• Data provided:
_ _ _ _

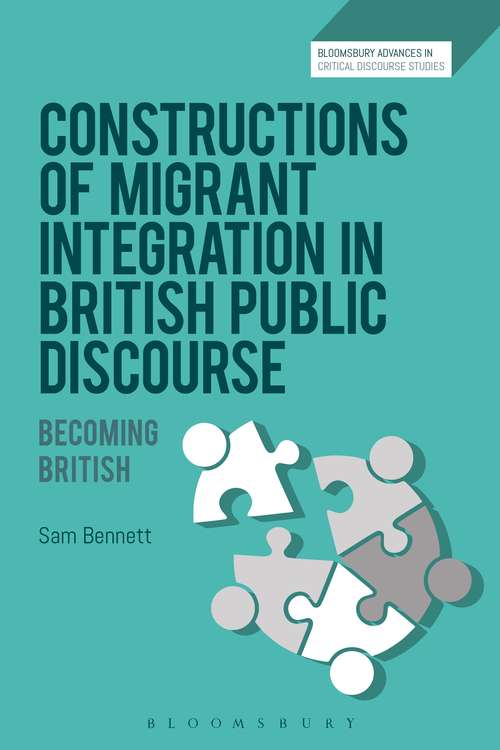 Book cover of Constructions of Migrant Integration in British Public Discourse: Becoming British (Bloomsbury Advances in Critical Discourse Studies)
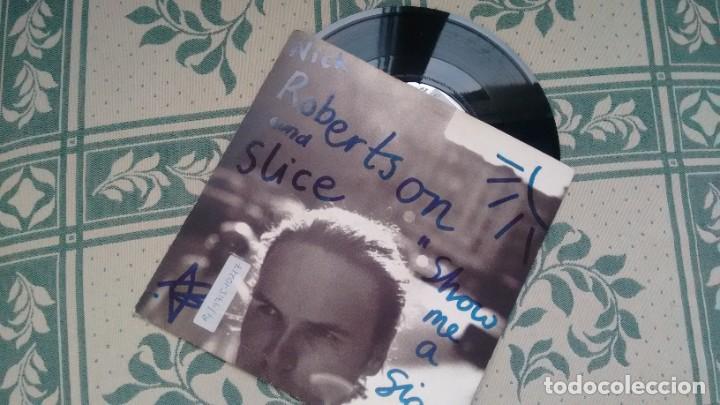 Discos de vinilo: SINGLE (VINILO) DE NICK ROBERTSON BAND A&Ntilde;OS 90 - Foto 1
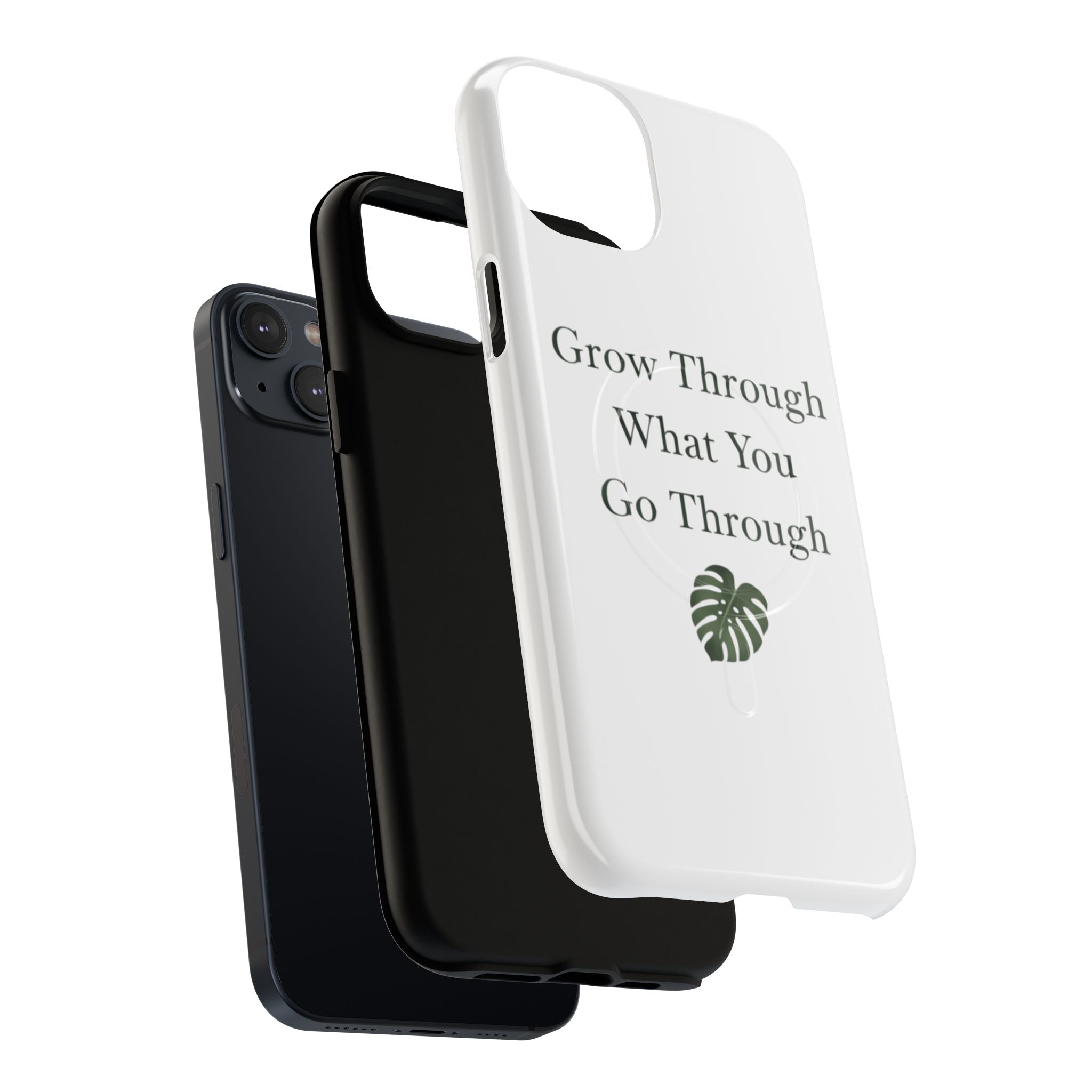 Grow Through What You Go Through Tough Magnetic Phone Case — Inspirational Protective Phone Cover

_ _ _ _

• Problem requirements:
Copy the listing exactly. No images belong in the copy.

• Task output:
 Book cover of Constructions of Migrant Integration in British Public Discourse: Becoming British (Bloomsbury Advances in Critical Discourse Studies)
 Discos de vinilo: SINGLE (VINILO) DE NICK ROBERTSON BAND A&Ntilde;OS 90 - Foto 1
 Grow Through What You Go Through Tough Magnetic Phone Case — Inspirational Protective Phone Cover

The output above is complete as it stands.